#### Data below:
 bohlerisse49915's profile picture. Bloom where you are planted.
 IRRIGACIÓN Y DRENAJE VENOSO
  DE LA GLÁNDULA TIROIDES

#### What is being asked:
Please copy exactly, and only, the lines running from the one containing "IRRIGACIÓN Y DRENAJE VENOSO" through the end of the listing.

#### Solution:
 IRRIGACIÓN Y DRENAJE VENOSO
  DE LA GLÁNDULA TIROIDES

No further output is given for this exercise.